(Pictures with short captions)
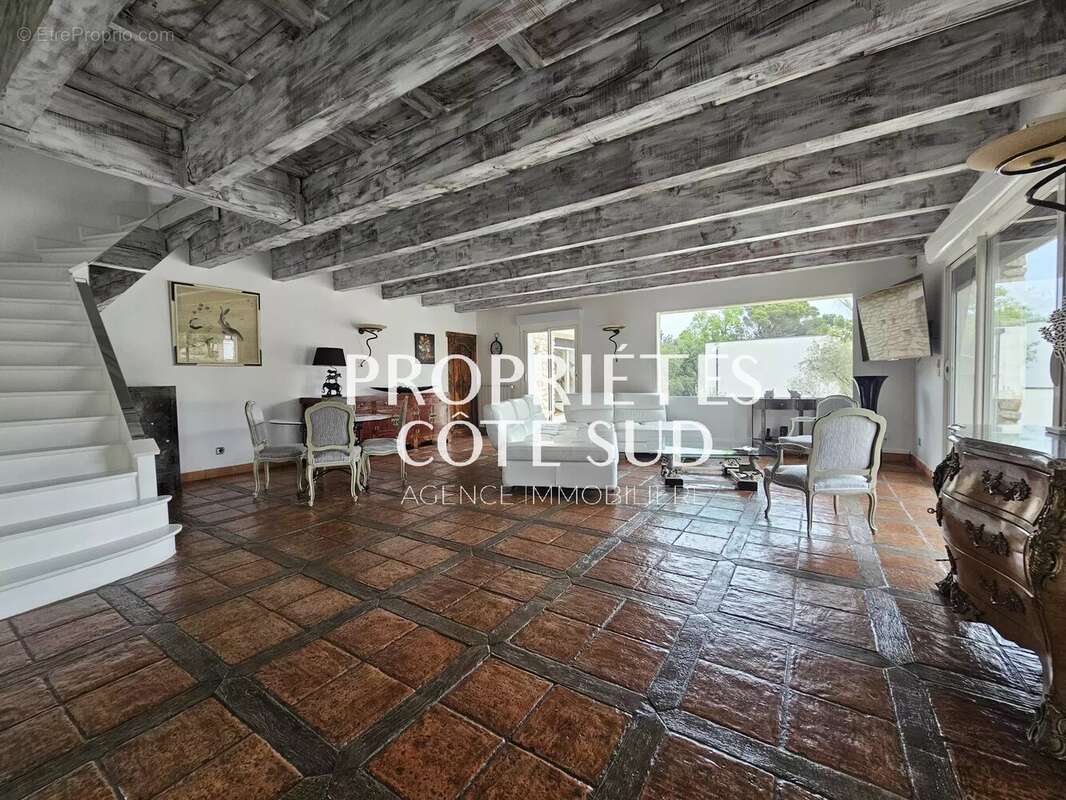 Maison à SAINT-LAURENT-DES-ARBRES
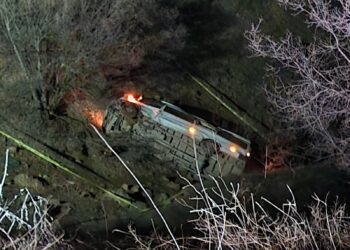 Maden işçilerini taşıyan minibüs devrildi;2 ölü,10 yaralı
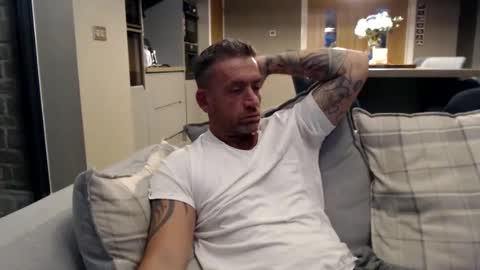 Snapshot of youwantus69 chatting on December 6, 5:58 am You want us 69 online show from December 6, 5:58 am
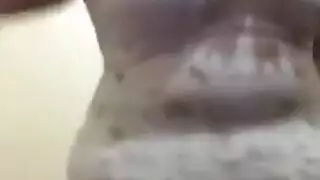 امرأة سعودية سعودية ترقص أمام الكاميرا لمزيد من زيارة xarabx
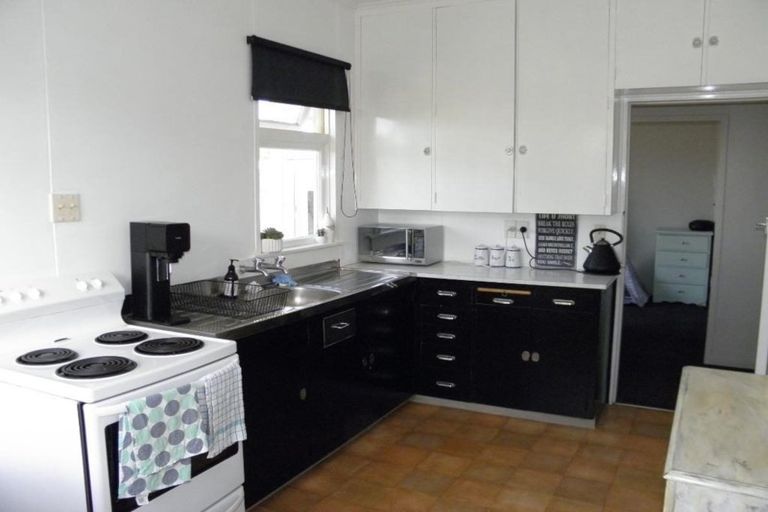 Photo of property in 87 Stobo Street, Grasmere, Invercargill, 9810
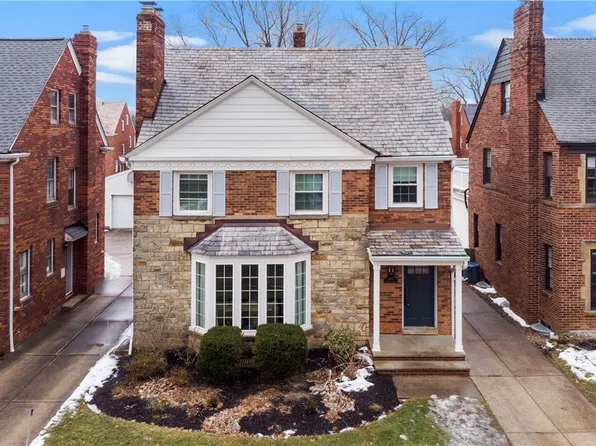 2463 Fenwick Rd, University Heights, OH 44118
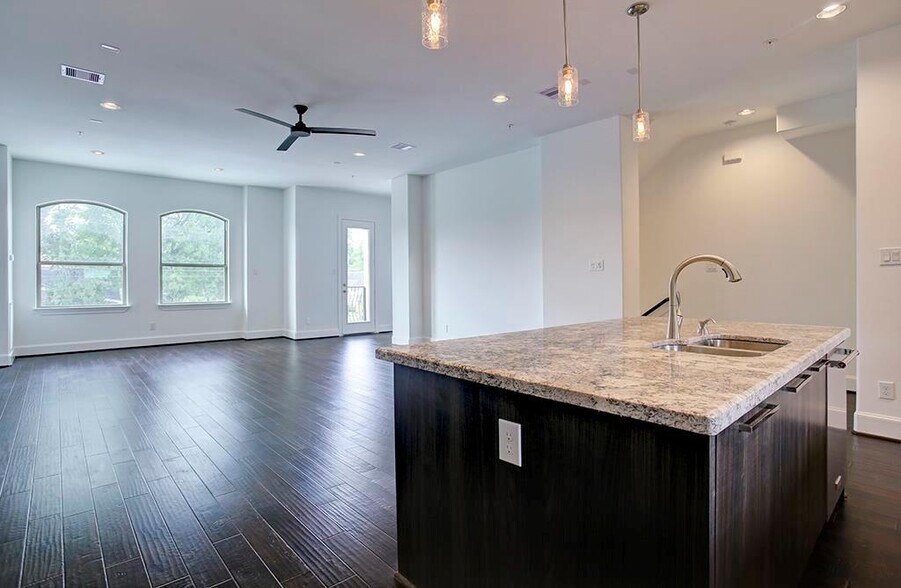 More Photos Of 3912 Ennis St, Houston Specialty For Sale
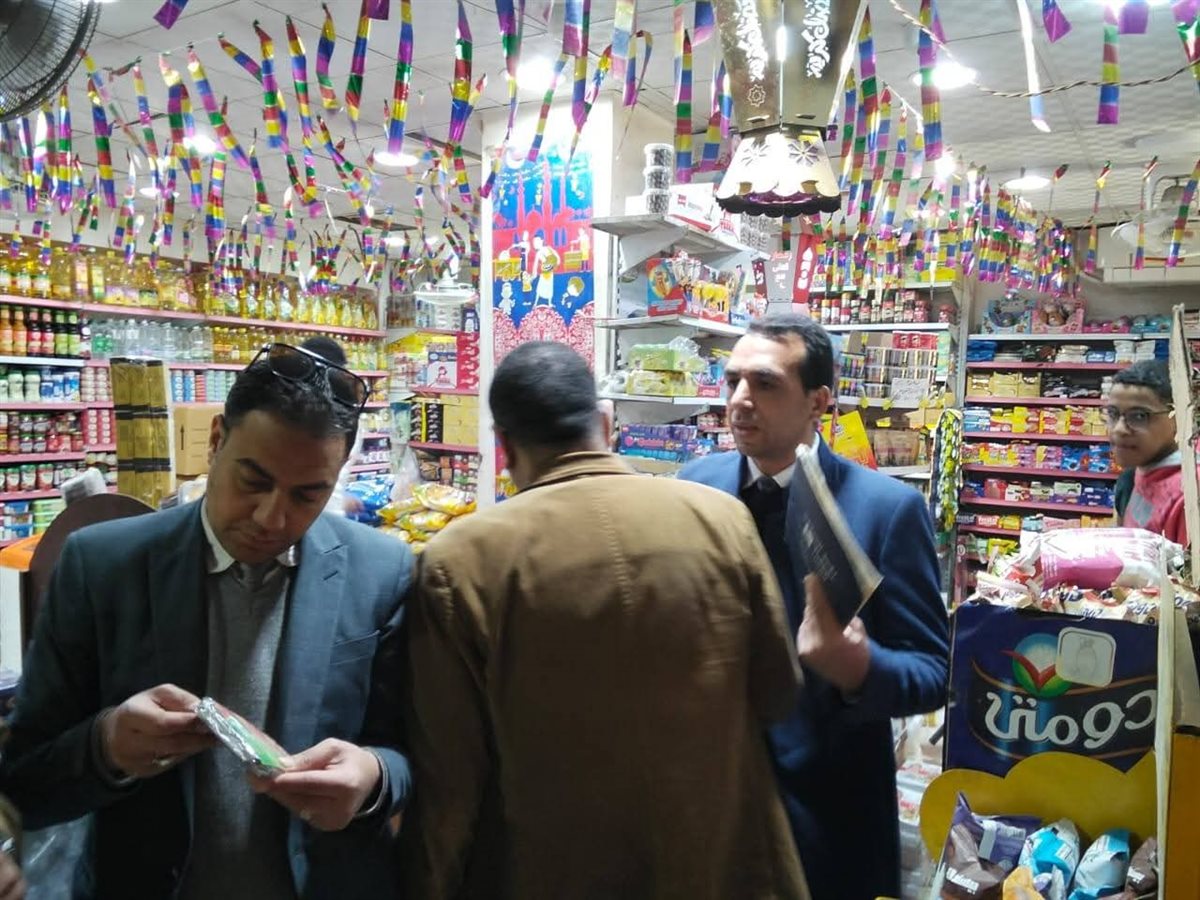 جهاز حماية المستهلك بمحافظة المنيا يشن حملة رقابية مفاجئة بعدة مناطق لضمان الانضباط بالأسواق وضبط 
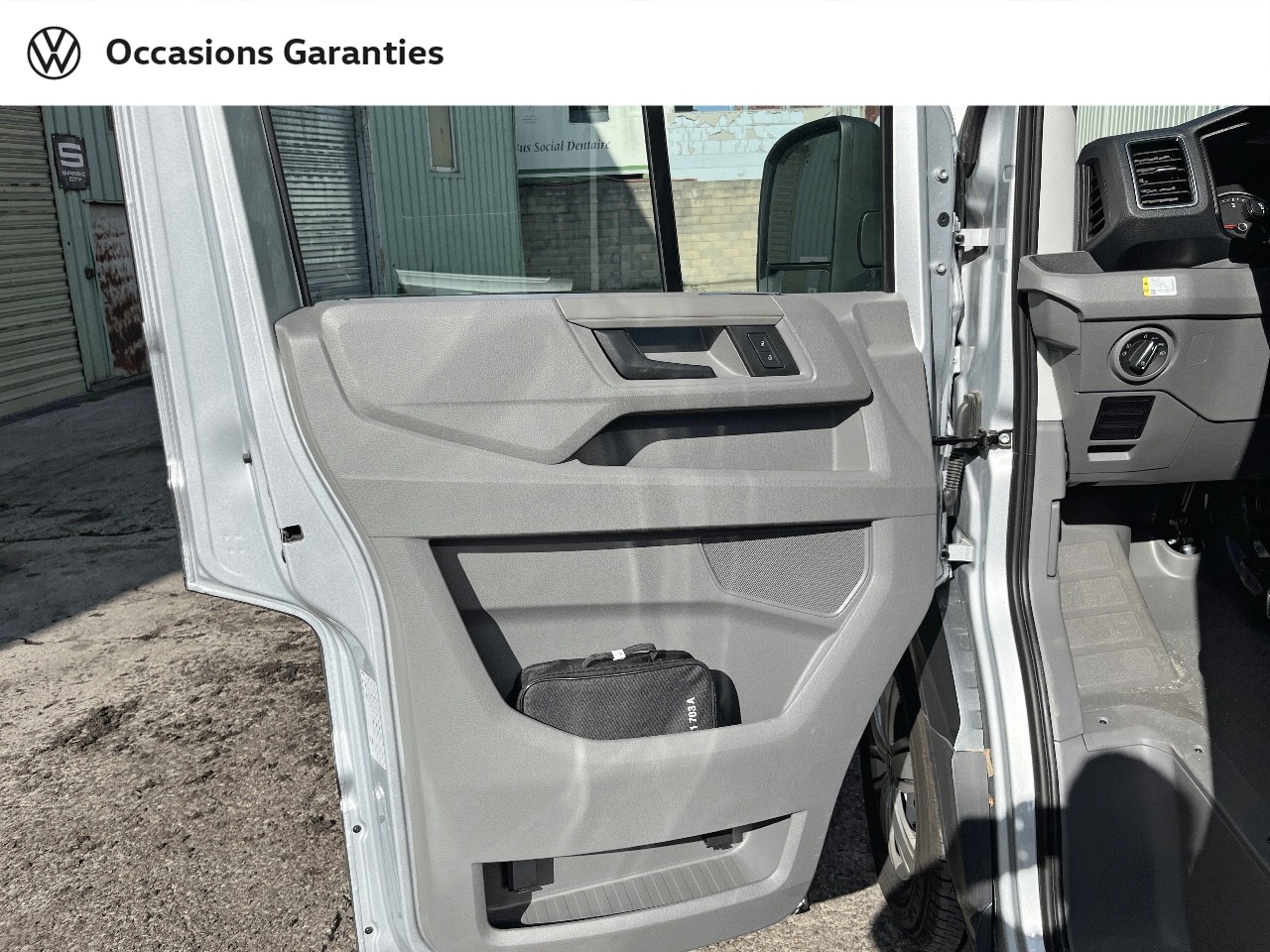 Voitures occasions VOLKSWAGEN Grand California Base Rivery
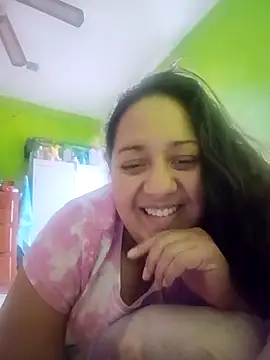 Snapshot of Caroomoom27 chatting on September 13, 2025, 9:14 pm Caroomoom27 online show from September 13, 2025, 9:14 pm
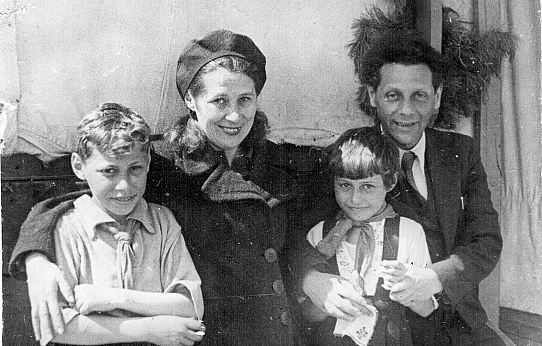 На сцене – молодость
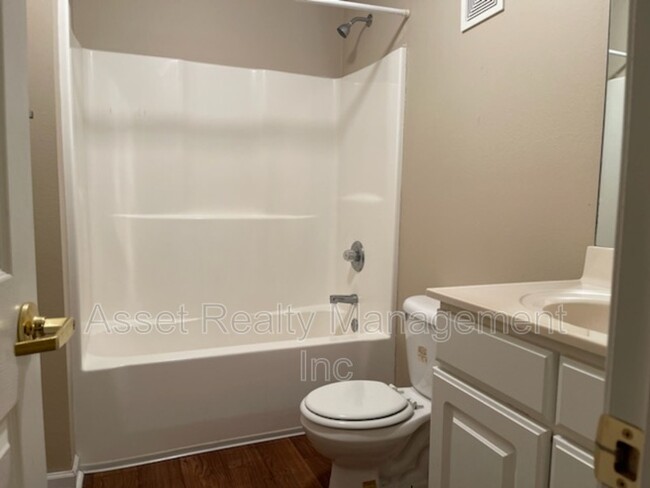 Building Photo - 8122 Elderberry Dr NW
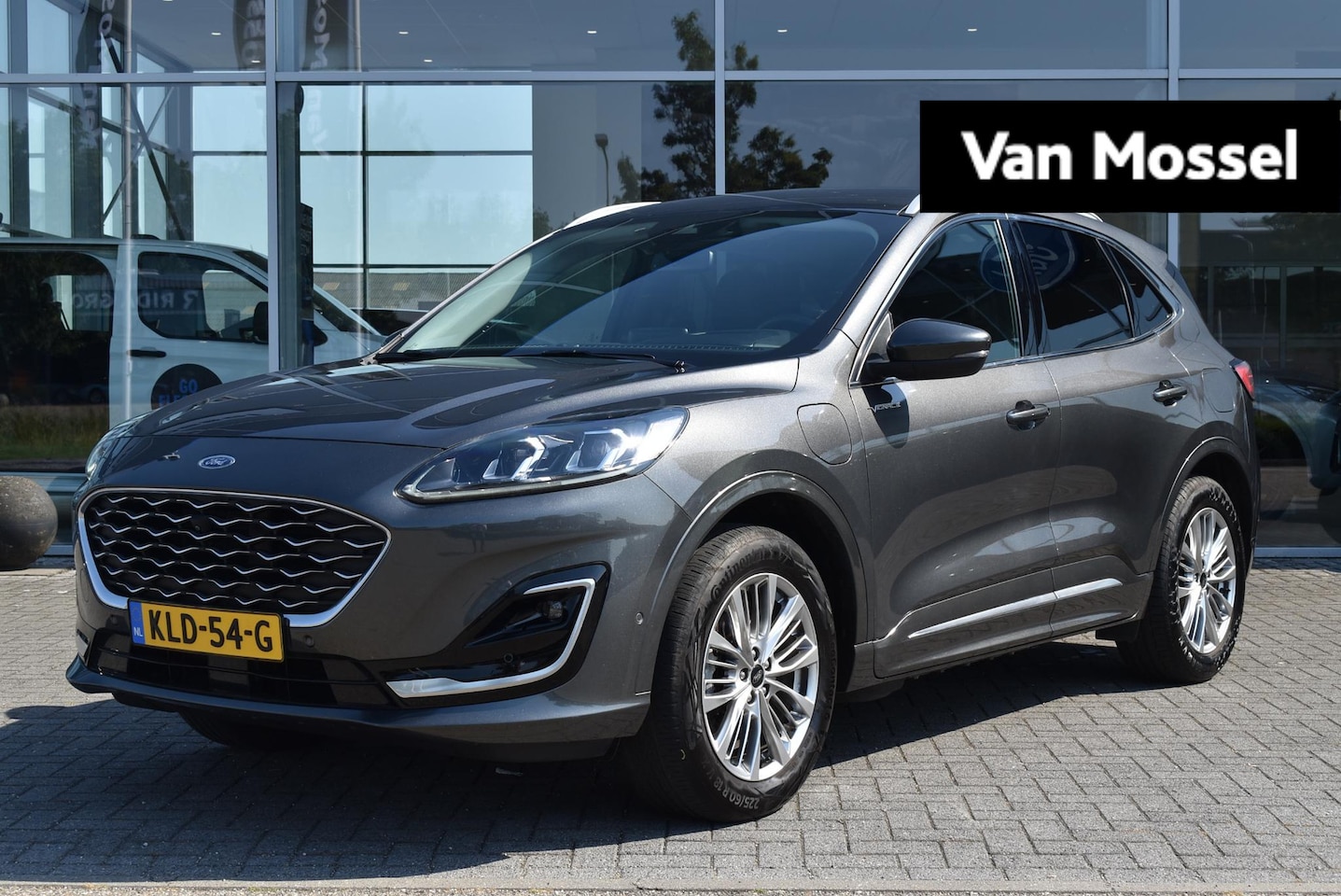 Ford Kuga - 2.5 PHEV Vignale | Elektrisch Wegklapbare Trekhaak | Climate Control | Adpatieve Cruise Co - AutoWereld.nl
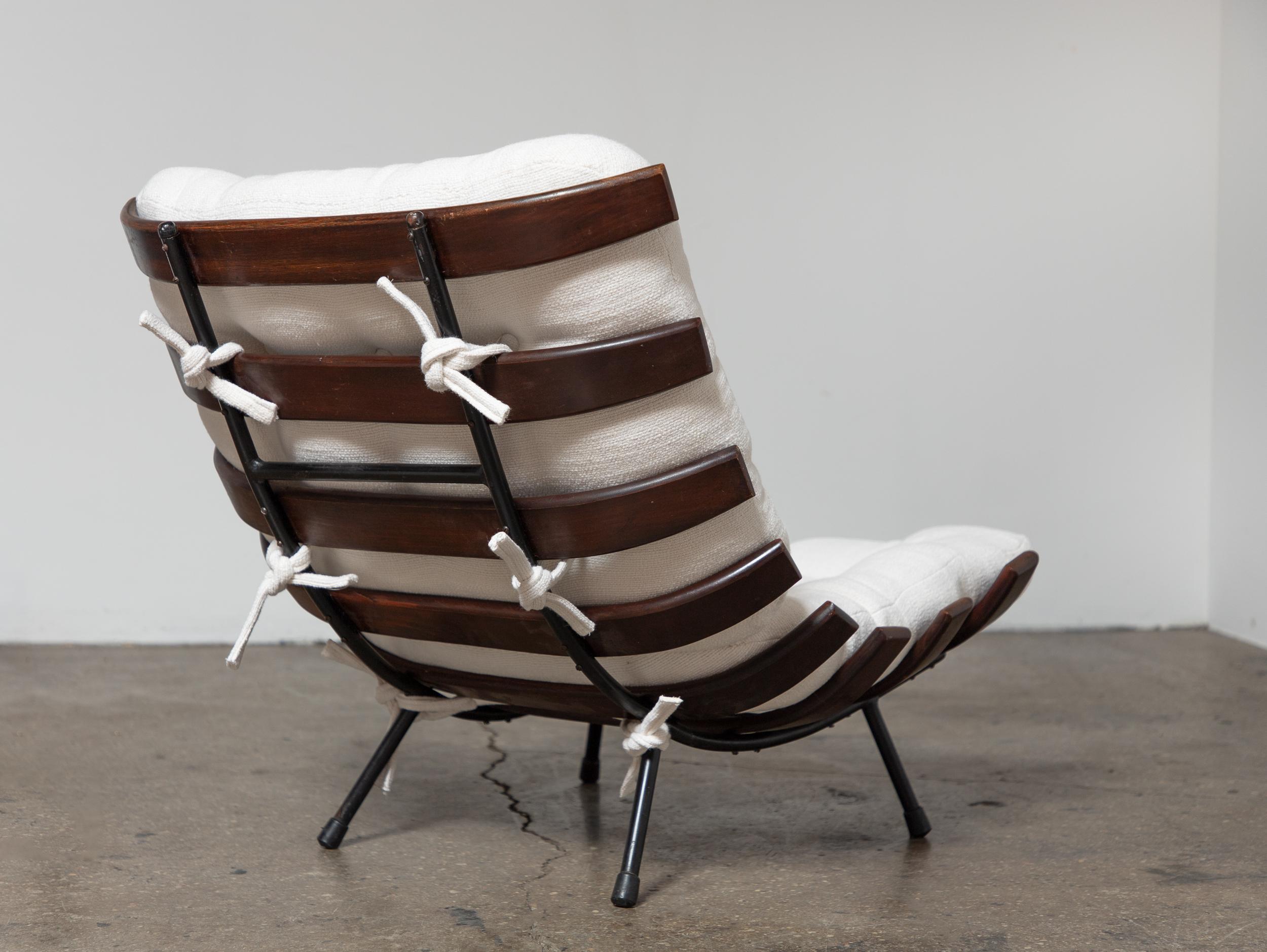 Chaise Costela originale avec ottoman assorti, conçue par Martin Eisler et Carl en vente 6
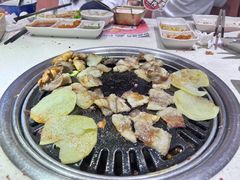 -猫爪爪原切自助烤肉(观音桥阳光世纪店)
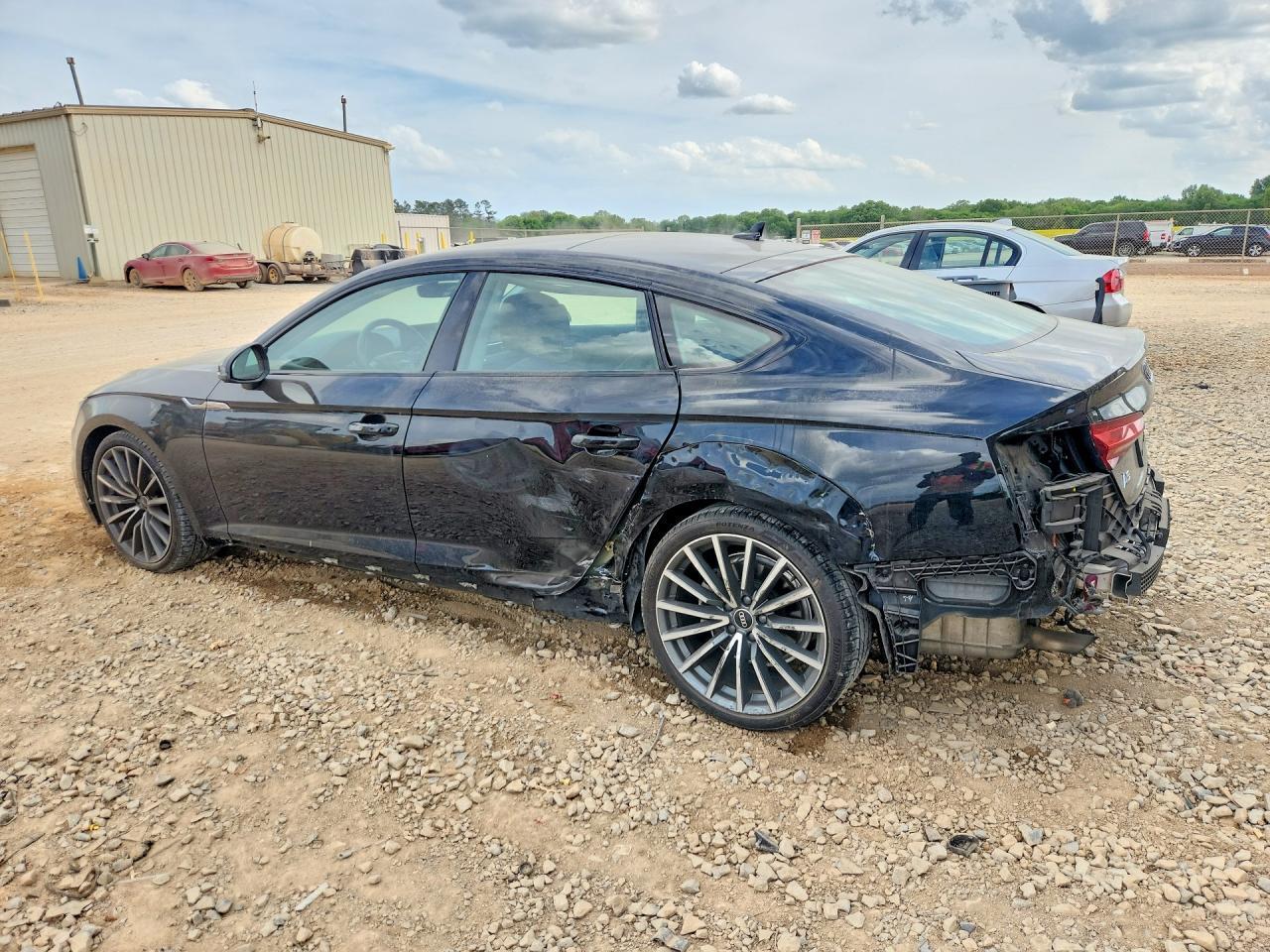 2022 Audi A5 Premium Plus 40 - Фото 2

▸ WORK REQUIRED: Word for word, retype the lines from the one that contains "Voitures occasions VOLKSWAGEN" through the final line of the data, both ends included, excluding pictures.

▸ ANSWER BOX:
 Voitures occasions VOLKSWAGEN Grand California Base Rivery
 Snapshot of Caroomoom27 chatting on September 13, 2025, 9:14 pm Caroomoom27 online show from September 13, 2025, 9:14 pm
 На сцене – молодость
 Building Photo - 8122 Elderberry Dr NW
 Ford Kuga - 2.5 PHEV Vignale | Elektrisch Wegklapbare Trekhaak | Climate Control | Adpatieve Cruise Co - AutoWereld.nl
 Chaise Costela originale avec ottoman assorti, conçue par Martin Eisler et Carl en vente 6
 -猫爪爪原切自助烤肉(观音桥阳光世纪店)
 2022 Audi A5 Premium Plus 40 - Фото 2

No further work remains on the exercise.